The Chilean mockingbird is 28 to 29 cm long and weighs 66 g. The male is somewhat larger than the female. Adults have a wide whitish supercilium. Their crown, neck, and back are brownish gray with darker streaks and their rump browner. The wings and tail are blackish. The wings show two narrow bars when folded. The outermost tail feathers have white edges and most of the others have white tips. The throat is whitish, the chest brownish gray, the belly dirty white, and the flanks buffy with blackish streaks. The juvenile is similar but more buffy below with more streaks.

==Distribution and habitat==

The Chilean mockingbird is found in Chile from Copiapó Province in the Atacama Region south to Los Lagos, Puerto Montt, and Chiloé Island. A small population also exists in Neuquén Province, Argentina.

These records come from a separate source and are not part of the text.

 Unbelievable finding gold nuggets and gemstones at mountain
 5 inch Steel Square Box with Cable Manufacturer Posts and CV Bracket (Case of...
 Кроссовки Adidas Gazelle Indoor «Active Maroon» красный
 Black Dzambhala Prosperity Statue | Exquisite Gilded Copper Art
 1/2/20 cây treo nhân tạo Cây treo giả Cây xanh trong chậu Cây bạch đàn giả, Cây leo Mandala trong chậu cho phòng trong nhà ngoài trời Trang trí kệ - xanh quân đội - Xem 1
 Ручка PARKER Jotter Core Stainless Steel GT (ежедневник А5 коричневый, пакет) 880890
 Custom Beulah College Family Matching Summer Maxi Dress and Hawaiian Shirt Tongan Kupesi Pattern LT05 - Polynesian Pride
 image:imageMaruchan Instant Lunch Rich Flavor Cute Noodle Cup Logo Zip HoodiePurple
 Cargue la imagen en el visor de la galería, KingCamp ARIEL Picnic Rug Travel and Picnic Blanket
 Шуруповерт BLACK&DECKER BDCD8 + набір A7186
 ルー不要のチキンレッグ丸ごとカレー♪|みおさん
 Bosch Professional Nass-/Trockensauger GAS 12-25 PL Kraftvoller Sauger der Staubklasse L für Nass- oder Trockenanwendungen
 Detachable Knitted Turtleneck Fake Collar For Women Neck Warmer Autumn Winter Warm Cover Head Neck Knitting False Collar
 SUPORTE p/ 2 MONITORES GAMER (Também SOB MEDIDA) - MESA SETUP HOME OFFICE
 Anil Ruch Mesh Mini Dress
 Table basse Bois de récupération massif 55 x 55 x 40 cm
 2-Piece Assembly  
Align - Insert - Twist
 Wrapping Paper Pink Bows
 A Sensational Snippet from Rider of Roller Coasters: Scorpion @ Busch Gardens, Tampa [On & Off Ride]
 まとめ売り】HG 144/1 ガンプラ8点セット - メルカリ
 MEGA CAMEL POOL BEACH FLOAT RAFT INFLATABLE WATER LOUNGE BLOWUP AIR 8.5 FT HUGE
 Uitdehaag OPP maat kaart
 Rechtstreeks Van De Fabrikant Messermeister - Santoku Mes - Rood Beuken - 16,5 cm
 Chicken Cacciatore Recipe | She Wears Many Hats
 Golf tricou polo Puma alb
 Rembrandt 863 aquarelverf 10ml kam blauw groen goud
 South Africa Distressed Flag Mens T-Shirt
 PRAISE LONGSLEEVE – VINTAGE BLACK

The Chilean mockingbird inhabits a wide variety of biomes, most of which are characterized by scrub, shrubs, or widely spaced trees. Examples include succulent coastal scrub, inland savanna bushland, and evergreen Chilean matorral. It also occurs at the edges of low relict woodland patches such as those in Bosque de Fray Jorge National Park and in disturbed habitats, though only rarely in urban areas. It shuns Nothofagus and Cryptocarya woodlands in the south and plantations of introduced pines in central Chile. In elevation it ranges from sea level to 2200 m.

==Behavior==
===Feeding===

The Chilean mockingbird forages mainly on the ground, turning over leaf litter and digging under fallen branches and around plant stems. It also hunts in vegetation up to 3 m above ground. It is omnivorous; it has been documented feeding on insects, wild and cultivated fruits, nectar, and a small lizard.

===Breeding===

The Chilean mockingbird nests mainly in October and November. They are territorial, probably throughout the year. Their nest is a cup made of twigs lined with moss or wool, placed low in vegetion such as cacti and thorny bushes. The clutch size is two to four. The nest is often parasitized by shiny cowbirds (Molothrus bonariensis).

===Vocalization===

The Chilean mockingbird sings year round, "a series of sweet, variable notes and phrases". It is an "excellent mimic of other bird species".

==Status==

The IUCN has assessed the Chilean mockingbird as being of Least Concern. Though it has a somewhat restricted range, it is common within it and there are no known threats to its population.